Mak Ariane
This research project aims at analysing the street writings (graffiti, wall chalkings) of the British Home Front during the Second World War. These traces of everyday writing are an ephemeral and neglected aspect of war cultures. They show that the urban public space was not only filled with propaganda posters but also saturated with anti-Semitic inscriptions or graffiti supporting the enemy. The project will also explore wartime alarms through “suspicious” graffiti: in the summer of 1940, when the fear of enemy invasion was at its height, several people submitted reports of graffiti and wall markings interpreted as spy codes or maps.

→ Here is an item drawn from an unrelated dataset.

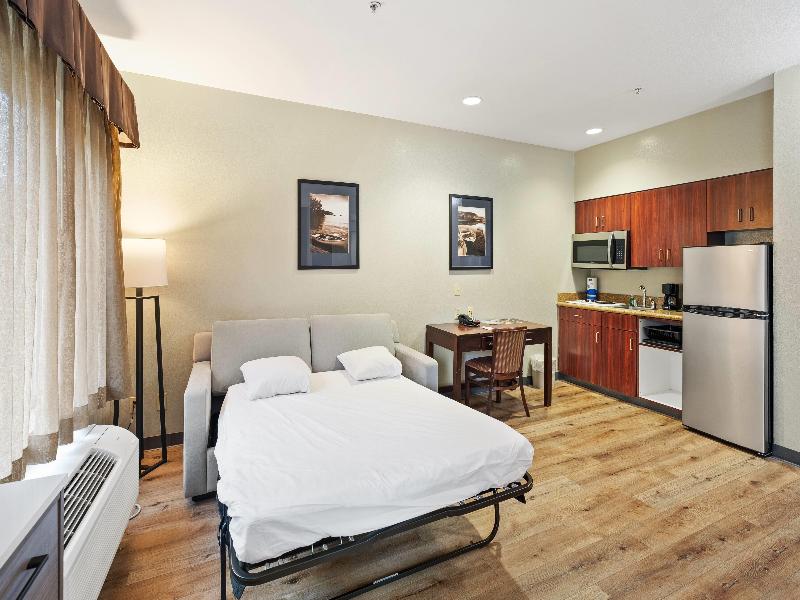 Hawthorn Suites By Wyndham Rancho Cordova/Folsom image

This project will draw upon an untapped source: the photographs and fieldwork studies on graffiti and wall chalking undertaken by Mass Observation from 1938 to 1943. One of the main premises of our project is that these messages cannot be dissociated from their material dimension (wide variety of media used, graphic and typographical forms, games between writing and image, poster diverting, dialogical aspect) and their spatial dimension (streets, public toilets, walls, telephone booths, tree trunks). We will examine how these “spaces of dissension” fit into the urban ecology of societies at war.
This original research project therefore proposes to combine epigraphy, the anthropology of the written word, and the social and cultural history of war. It will result in the publication of two articles (in English and French) in international peer-reviewed journals. In addition, two scientific events will be organized: an exhibition presenting these British Home Front graffiti, and an international conference on war graffiti in the 19th and 20th centuries.